CPDS Home Contact Professionalism: Chronological Summary

13 February 2006

Mr Peter Rumph
Director – Corporate Support and Events
IPAA Queensland

Politicisation of the Public Service - SIZZLING SUMMER SEMINAR!

My attention was drawn to IPAA's proposal for a summer seminar on "Politicisation of the Public Service".

Politicisation of the Public Service
~ have we remained frank and fearless ~

We hope to explore the weakening buffers in our public administration practices from political interference. This has been a "hot" topic for many years and was referred to and discussed in the Fitzgerald Report………….

"A system which provides the Executive Government with control over the careers of public officials adds enormously to the pressures upon those who are even moderately ambitious. Merit can be ignored, perceived disloyalty punished, and personal or political loyalties rewarded. Once there are signs that a government prefers its favourites (or that a particular minister does so) when vacancies occur, or other opportunities arise, the pressure upon those within the system becomes immense. More junior public servants rapidly become aware of the need to please politicians and senior officials who can help or damage their careers, and not to provoke displeasure by making embarrassing disclosures…One of the first casualties in such circumstances is the general quality of public administration. "- Fitzgerald Report 1989

Professor Ken Wiltshire will bring us up to date and share his perceptions on the factors currently contributing to the politicisation in the public sector environment.
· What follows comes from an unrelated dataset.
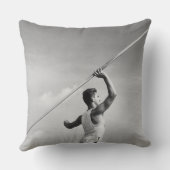 人の投げる投げ槍 クッション (裏面)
Steve Golding will enlighten us with the "inside" story as perceived by a former top ranking public servant.

...... [Details deleted] .....

Peter Rumph
Director – Corporate Support and Events

IPAA Queensland

The Voice and Spirit of the Public Sector

The IPAA is to be commended for this initiative, which (as your outline of the event noted) is long overdue.
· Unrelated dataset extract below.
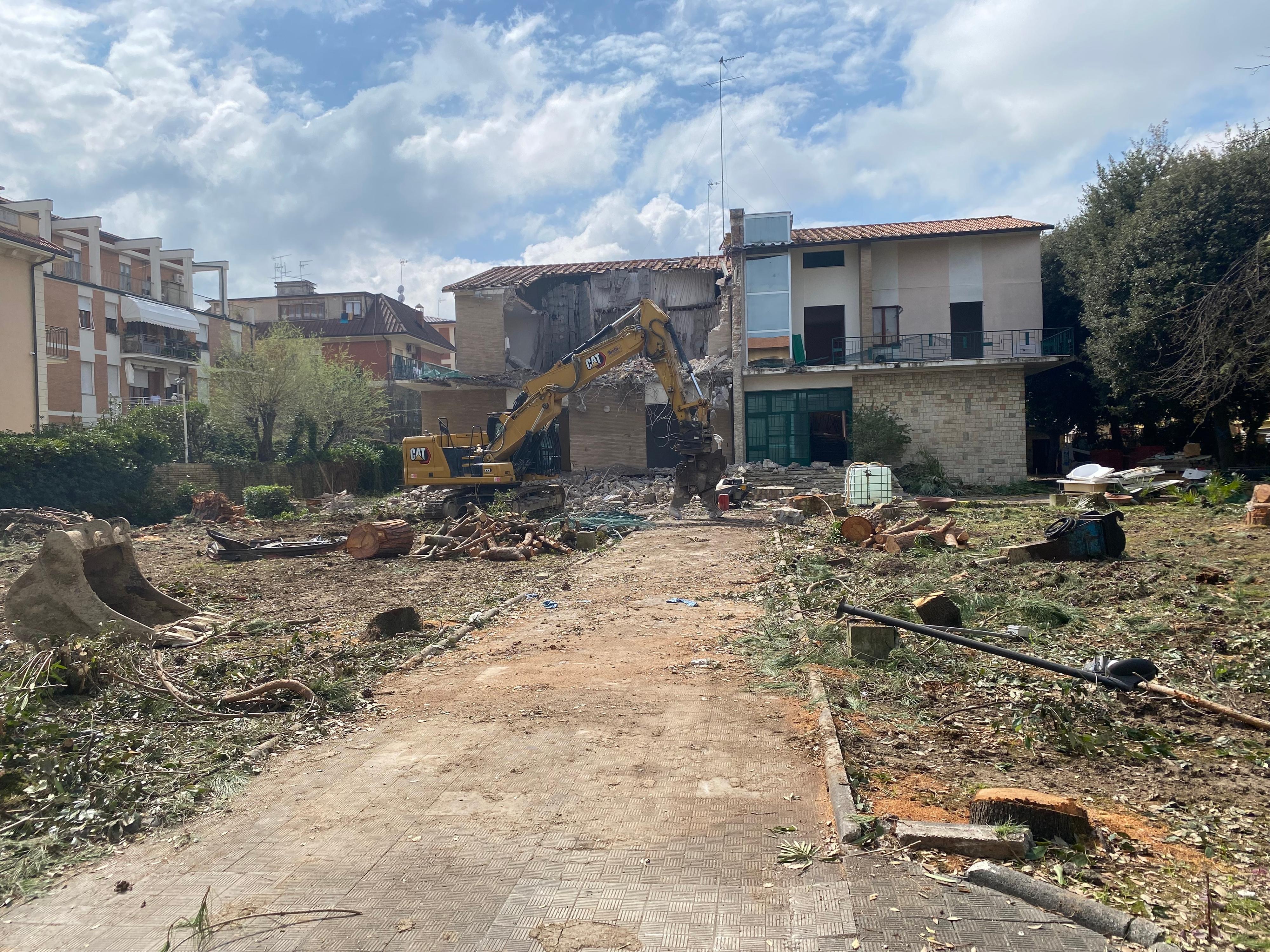 Palazzi posto da Ilrestodelcarlino.it Palazzi al posto dell’ex villa Paolini il Tar blocca le ruspe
However I should like to submit for IPAA's consideration that the primary consequence of political interference in public sector staffing is not the emergence of political bias or an unwillingness to provide 'frank and fearless' advice. Rather it is a dramatic decline in the competence of the Public Service to provide governments with good policy advice or practical support with policy implementation even when those involved try their hardest.
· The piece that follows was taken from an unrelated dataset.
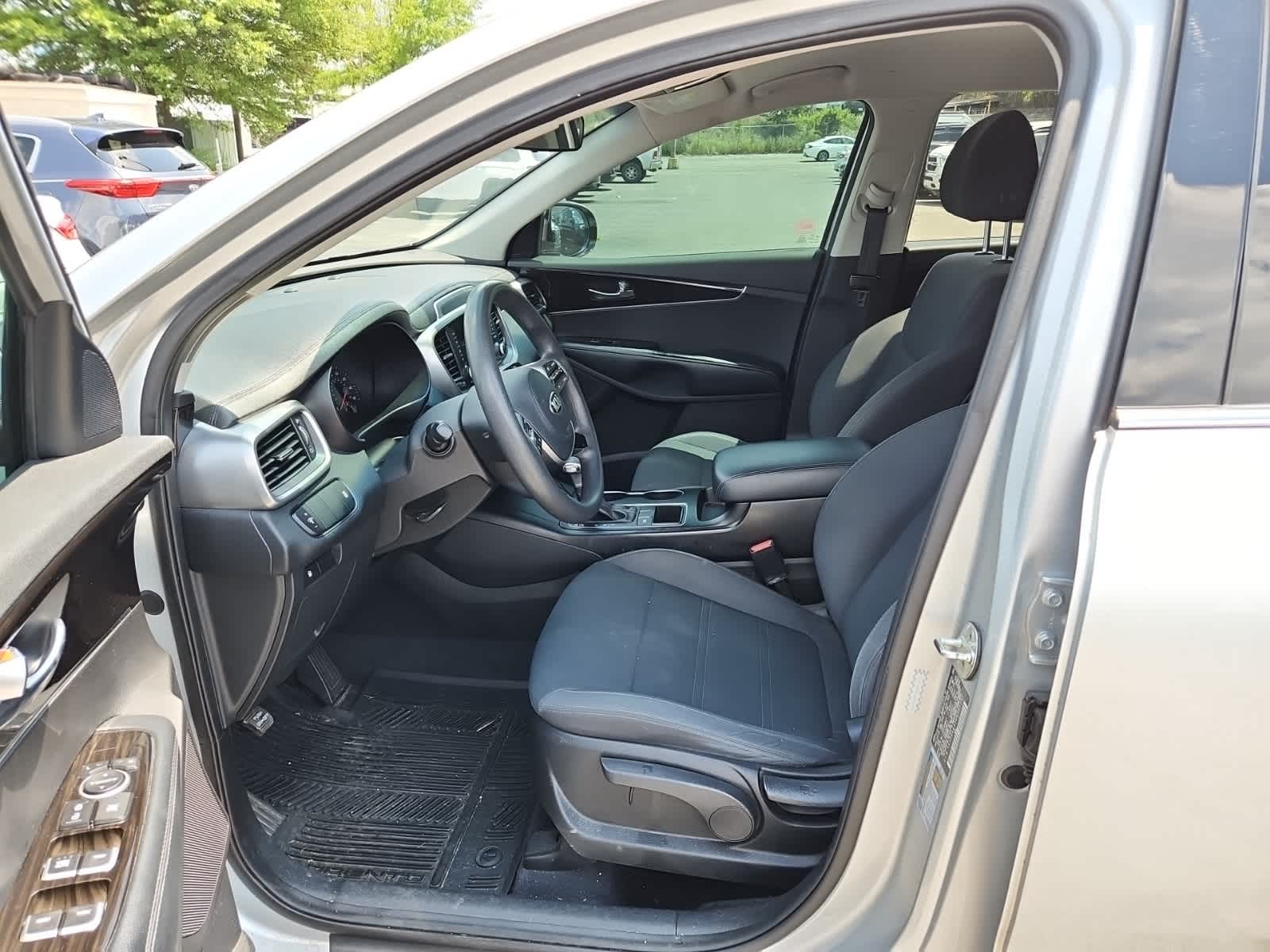 2019 Kia Sorento L 15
This basic point was made in 1999 by Professor Richard Mulgan in an article on 'Politicisation of senior appointments in the Australian public service' (see comments to Professor Mulgan on my web-site). It has also been made repeatedly for over a decade (eg see The Growing Case for a Professional Public Service which refers to extensive evidence, and many analyses, of the problem; and Chronological Summary which outlines the VERY large number of representations that have been made about this matter, and generally failed to generate even the slightest flicker of political interest).

I hope that the IPAA's seminar will be successful in finally raising understanding of these issues.